*WORK INSTRUCTION*. Word for word, copy the lines beginning at the one with "Unfortunately, on the" and ending at the last line below; pictures stay out.

*SUPPLIED DATA*.
# # #

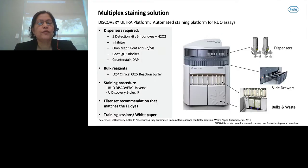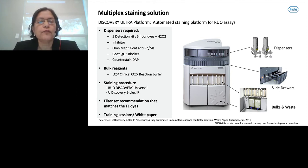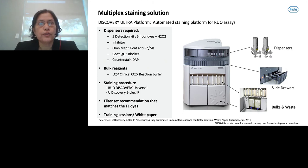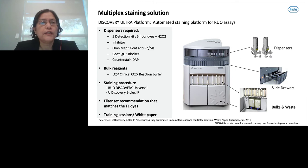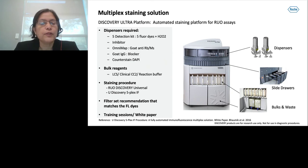For those less familiar with the Discovery Ultra instrument, this is an automated staining platform for RUO assay development. It's a high-throughput autostainer that can stain up to 30 slides. The instrument gives reproducible staining, minimizes human error, and saves time. In the top carousel there are 35 dispenser holders. In the multiplex stain, some dispensers involve detection kits, inhibitor, secondary antibody, blocker, and counterstain DAPI.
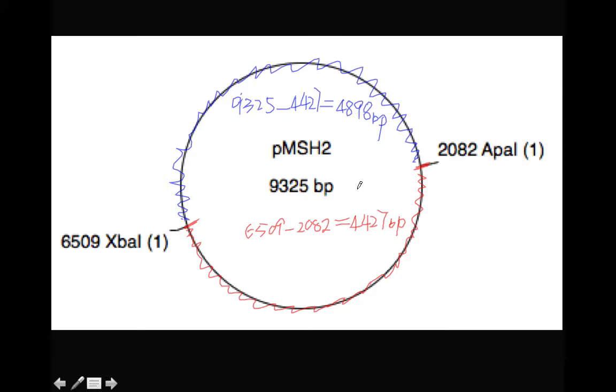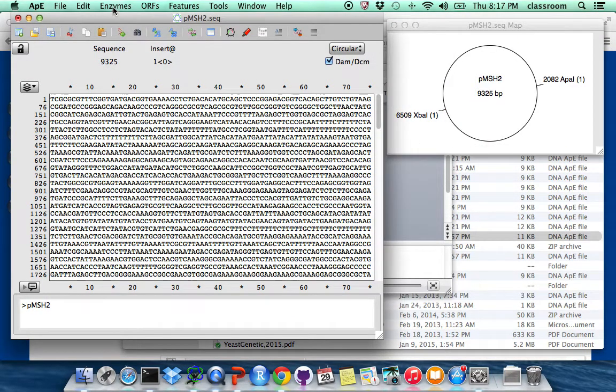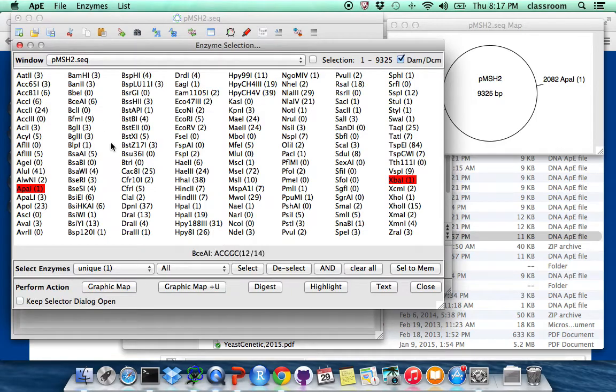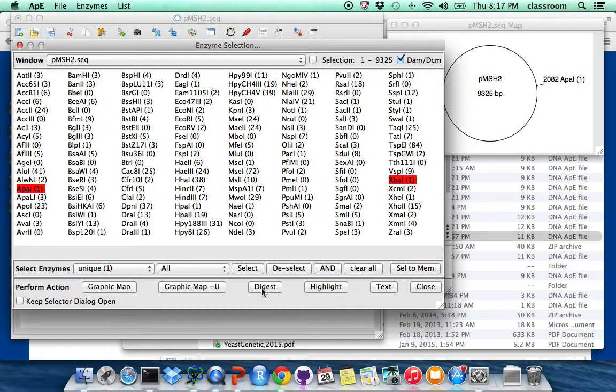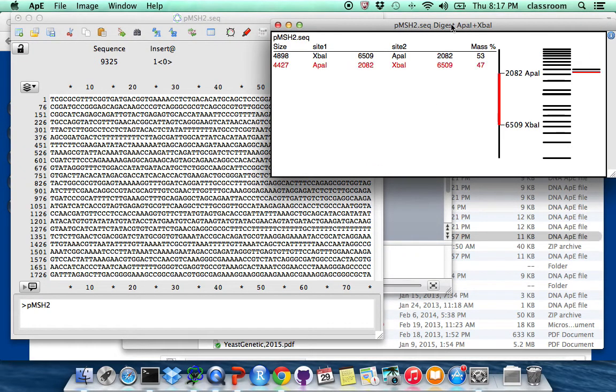Unfortunately, on the APE, it can do this automatically. So we go to Enzyme, Enzyme Selector, and you see at the bottom, there is a button called Digest. We click on the Digest.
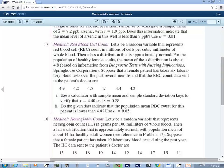Let's take a look at number 17. It says, let X be a random variable that represents red blood cell count in millions of cells per cubic millimeter of whole blood. Then X has a distribution that is approximately normal. For the population of healthy female adults, the mean of the X distribution is about 4.8.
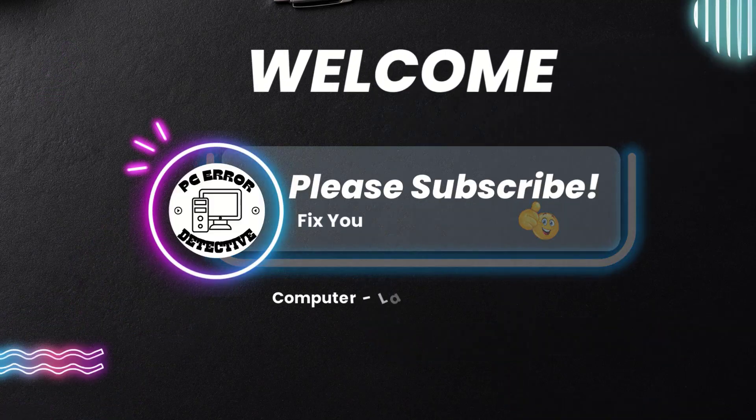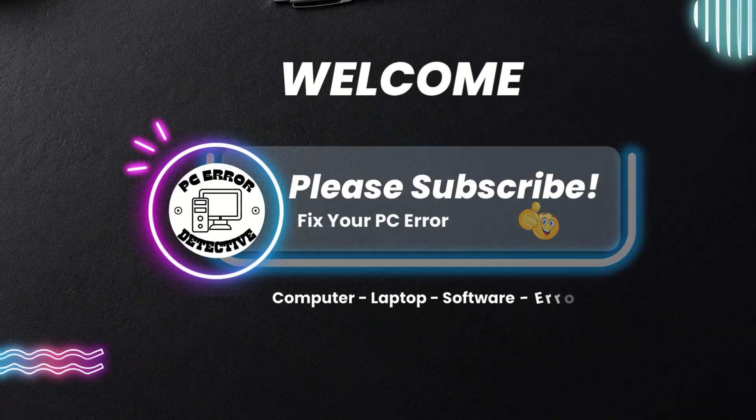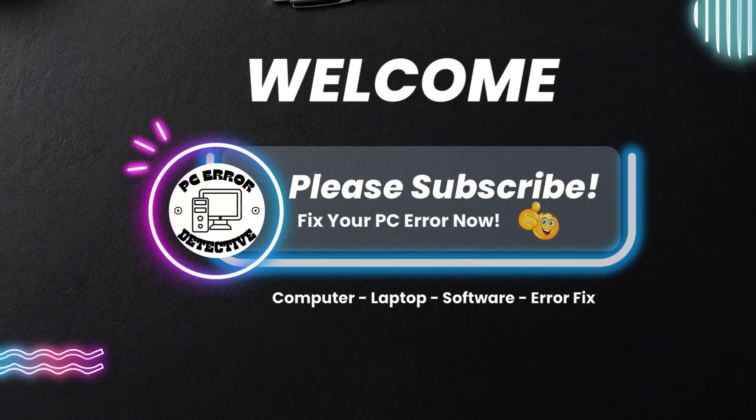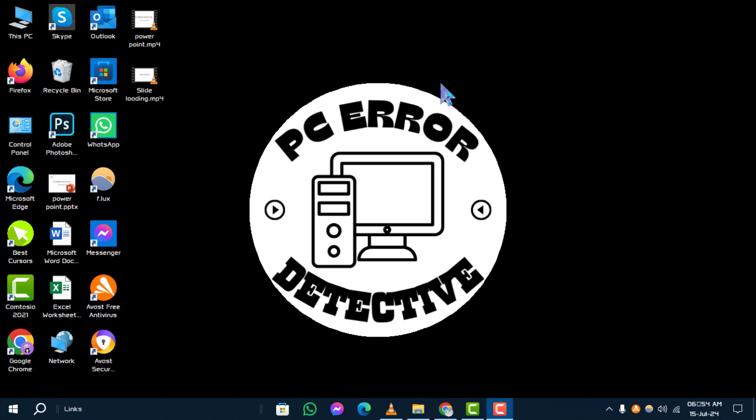Welcome to PC Error Detective. Today, we'll walk you through how to disable third-party antivirus in Windows 10.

# # #

*EXPECTED OUTPUT*.
Unfortunately, on the APE, it can do this automatically. So we go to Enzyme, Enzyme Selector, and you see at the bottom, there is a button called Digest. We click on the Digest.
Let's take a look at number 17. It says, let X be a random variable that represents red blood cell count in millions of cells per cubic millimeter of whole blood. Then X has a distribution that is approximately normal. For the population of healthy female adults, the mean of the X distribution is about 4.8.
Welcome to PC Error Detective. Today, we'll walk you through how to disable third-party antivirus in Windows 10.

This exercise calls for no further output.